Your assignment:
Starting at the line that contains "DAZY Women's Casual", write out each line through the end of the data below, exactly as it stands. Skip any pictures.
-----
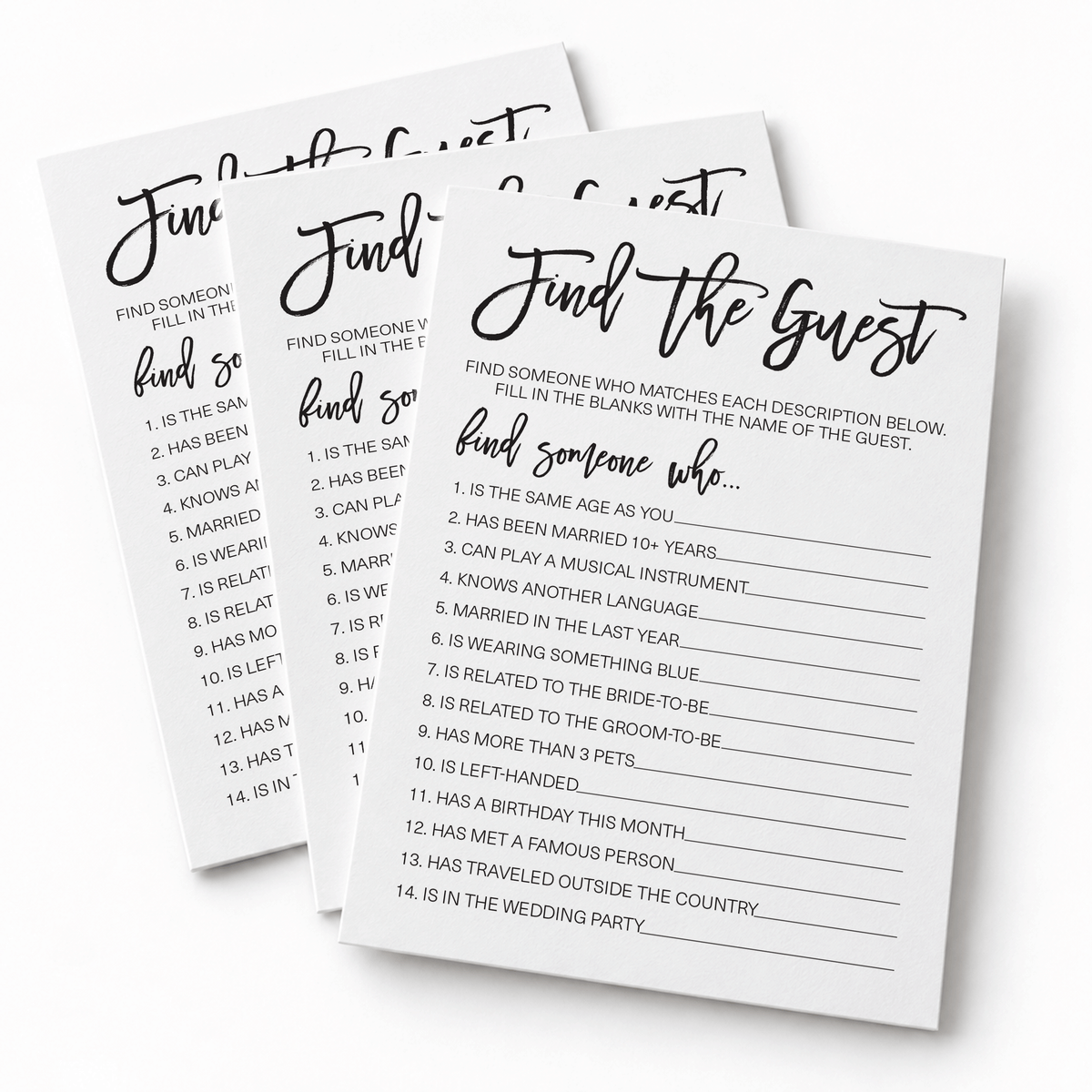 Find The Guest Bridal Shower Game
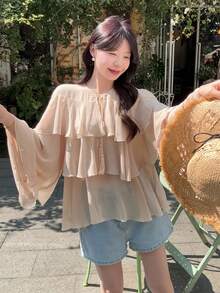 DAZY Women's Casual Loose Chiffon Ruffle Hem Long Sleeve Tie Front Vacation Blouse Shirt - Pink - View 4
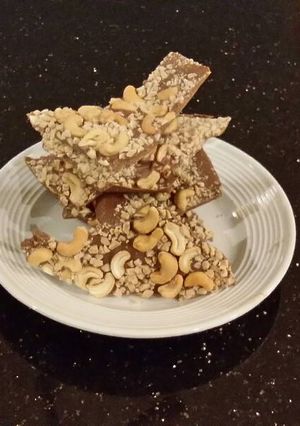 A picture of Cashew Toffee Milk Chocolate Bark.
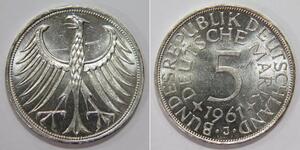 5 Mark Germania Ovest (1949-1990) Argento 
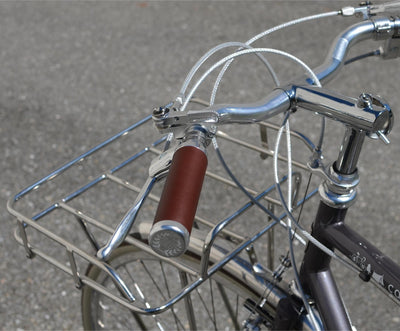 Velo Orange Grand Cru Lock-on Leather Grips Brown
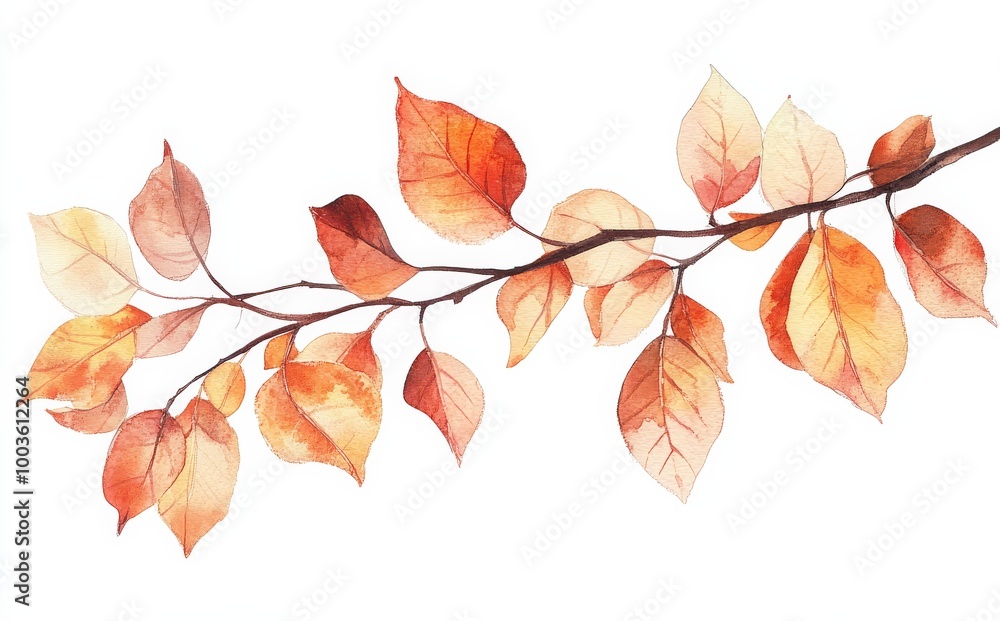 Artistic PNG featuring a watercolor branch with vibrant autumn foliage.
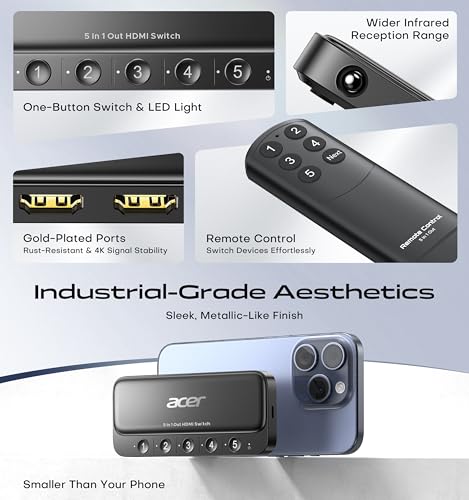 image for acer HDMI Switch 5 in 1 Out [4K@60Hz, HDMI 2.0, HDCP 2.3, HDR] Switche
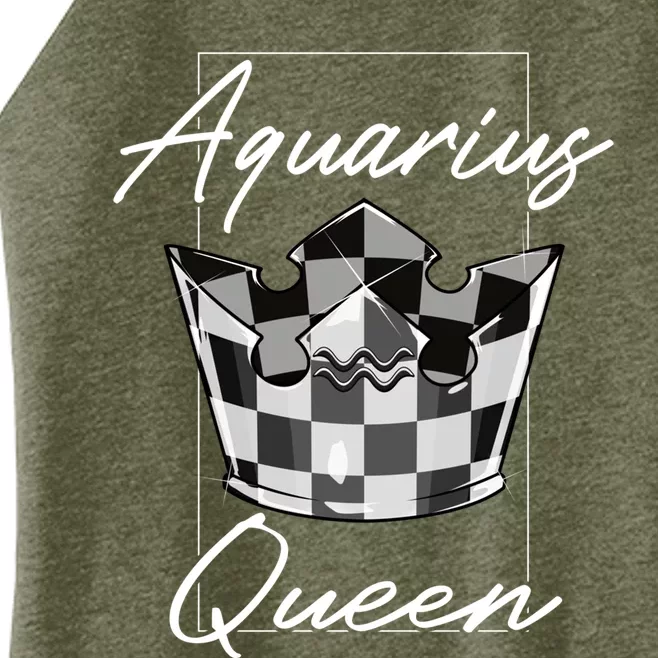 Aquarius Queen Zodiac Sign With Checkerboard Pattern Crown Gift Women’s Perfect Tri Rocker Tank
-----
Exercise solution:
 DAZY Women's Casual Loose Chiffon Ruffle Hem Long Sleeve Tie Front Vacation Blouse Shirt - Pink - View 4
 A picture of Cashew Toffee Milk Chocolate Bark.
 5 Mark Germania Ovest (1949-1990) Argento 
 Velo Orange Grand Cru Lock-on Leather Grips Brown
 Artistic PNG featuring a watercolor branch with vibrant autumn foliage.
 image for acer HDMI Switch 5 in 1 Out [4K@60Hz, HDMI 2.0, HDCP 2.3, HDR] Switche
 Aquarius Queen Zodiac Sign With Checkerboard Pattern Crown Gift Women’s Perfect Tri Rocker Tank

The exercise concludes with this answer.